Vasek Pospisil si è ufficialmente ritirato dal tennis professionistico lo scorso luglio, nel suo amato Masters 1000 del Canada, il torneo di casa: ha perso la sua ultima partita con Facundo Bagnis, dopo quasi due decenni – da protagonista – nel circuito mondale. Una carriera che lo ha visto raggiungere la seconda settimana nei tornei dello Slam, entrare in top 40 e conquistare la Coppa Davis. Adesso, in ogni caso, il suo orizzonte rimane fortemente legato al tennis, ma da un’altra prospettiva: quella che lo vede come uno dei principali leader della PTPA, un’organizzazione che si prende cura del benessere dei giocatori e che mira a colmare le lacune che l’ATP non riesce a coprire. Pospisil, attraverso il blog Behind the Racquet, ha raccontato i momenti di svolta nel proprio percorso e la nuova vita dopo il ritiro.
GLI INIZI- “I miei genitori fuggirono dal regime comunista dell’ex Cecoslovacchia. Io sono nato un anno dopo il loro arrivo in Canada, in un piccolo paese chiamato Vernon, nella Columbia Britannica. Non avevamo molte risorse, ma la passione di mio padre per il tennis era enorme. Fin da giovane, il tennis è sempre stato tutto ciò che volevo fare, così ho dedicato tutta la mia vita a questo sport. I sacrifici sono stati immensi. Mio padre lasciò il lavoro, risparmiò denaro per investirlo nella mia carriera. Quando ero giovane, non capivo veramente tutto quello che mi circondava, ma quando arrivò l’adolescenza iniziai a sentire quel tipo di pressione. Non da parte dei miei genitori o della mia famiglia, ma da me stesso. Sentivo di dover restituire alla mia famiglia tutto ciò che avevano investito in me. Nel corso della mia carriera da giocatore, è difficile identificare un momento preciso in cui mi sono reso conto di avercela fatta, perché speri sempre di non essere un tennista “di un solo momento”. Ho avuto dei buoni risultati lungo il percorso, ma se dovessi sceglierne uno, direi la semifinale del Masters 1000 di Montréal. Avevo costruito abbastanza fiducia da sentire di poter vincere partite nel circuito con continuità”.

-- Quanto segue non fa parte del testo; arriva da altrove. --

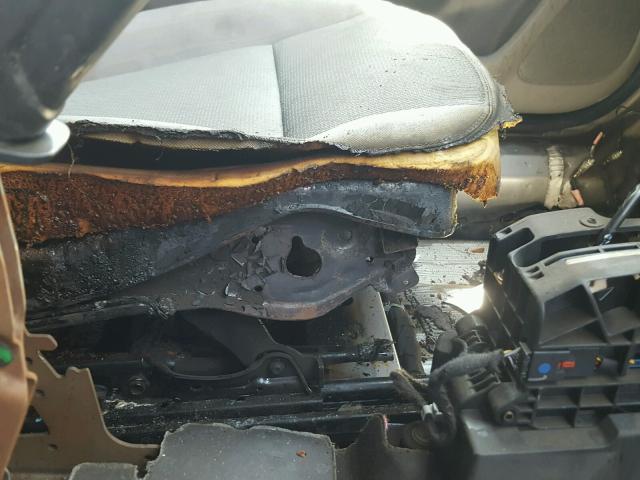 1G11B5SL8FF278517 - 2015 CHEVROLET MALIBU LS ვერცხლისფერი ფოტო 9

L’ESPERIENZA NELLA PTPA- “La prima volta che mi sono reso conto che avevamo bisogno di un’associazione dei giocatori è stata dopo una riunione congiunta che abbiamo avuto nel 2016 con l’ATP. È stato allora che è diventato chiaro che il tennis avesse bisogno di un cambiamento, che i giocatori avessero bisogno di una voce reale che li rappresentasse. Poco dopo ho deciso che dovevo essere io a fare quel passo. Non so bene perché sia arrivato a quella conclusione, ma ero convinto di poterlo portare avanti. La cosa più importante che ho imparato in questi ultimi cinque anni riguarda il sistema del tennis: ho scoperto che è molto più disorganizzato di quanto pensassi. Oggi, per la prima volta, vedo che siamo molto vicini a realizzare un cambiamento importante, il cambiamento necessario affinché i giocatori abbiano una vera voce e un contesto ideale per crescere. Il tennis è rimasto indietro rispetto ad altri sport, ed è per questo che in tutti questi anni abbiamo cercato di collaborare con alcuni organi di governo. Volevamo dare loro l’opportunità di lavorare con noi, ma per andare avanti non abbiamo avuto altra scelta che procedere attraverso un’azione legale. L’obiettivo finale è creare una voce indipendente per i giocatori: questo è il nostro scopo principale, affinché si possa poi preparare il terreno per tutto il resto: aumentare i montepremi e avere una maggiore partecipazione agli introiti. Avere voce in capitolo in qualsiasi questione che influisca sul nostro lavoro – come viaggi, orari, palle da gioco o prize money – per noi sarebbe estremamente importante.”